I'm trying to solve hard combinatorics that involve complicated factorials with large values.

In a simple case such as $8Pr = 336$, find the value of $r$, it is easy to say it equals to this: $$\frac{8!}{(8-r)!} = 336.$$

Then $(8-r)! = 336$ and by inspection, clearly $8-r = 5$ and $r = 3$.

Now this is all and good and I know an inverse function to a factorial doesn't exist as there is for functions like sin, cos and tan etc. but how would you possibly solve an equation that involves very large values compared to the above problem without the tedious guess and checking for right values.

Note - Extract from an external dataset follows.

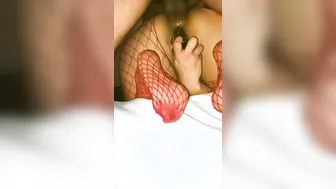 Beauty cougar Screwed into the butt and does double penetration till cum runs out her booty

Edit: For e.g. if you wanted to calculate a problem like this (it's simple I know but a good starting out problem) Let's say 10 colored marbles are placed in a row, what is the minimum number of colors needed to guarantee at least $10000$ different patterns? WITHOUT GUESS AND CHECKING

Any method or explanation is appreciated!


Solution 1:

I just wrote this answer to an old question. Using $a=1$, we get a close inverse for the factorial function: $$ n\sim e\exp\left(\operatorname{W}\left(\frac1{e}\log\left(\frac{n!}{\sqrt{2\pi}}\right)\right)\right)-\frac12\tag{1} $$

Solution 2:

By Stirling's formula

$$n! \sim \sqrt{2\pi n} \left({\frac{n}{e}}\right)^n $$

So we can given a large $n!$ we can attempt to numerically solve,

$$n!=\sqrt{2\pi x} \left({\frac{x}{e}}\right)^x$$

For $x$ by Newton's method to get an approximate inverse.

The function $\mathbb{N} \to \mathbb{N}$ given by $f(n)=n!$ is increasing. Also,

$$\sqrt{2\pi}n^{n+\frac{1}{2}}e^{-n} \leq n! \leq e n^{n+\frac{1}{2}}e^{-n}$$

So by numerically solving $n!=\sqrt{2\pi}x^{x+\frac{1}{2}}e^{-x}$ and $n!=ex^{x+\frac{1}{2}}e^{-x}$ we can find bounds for $n$.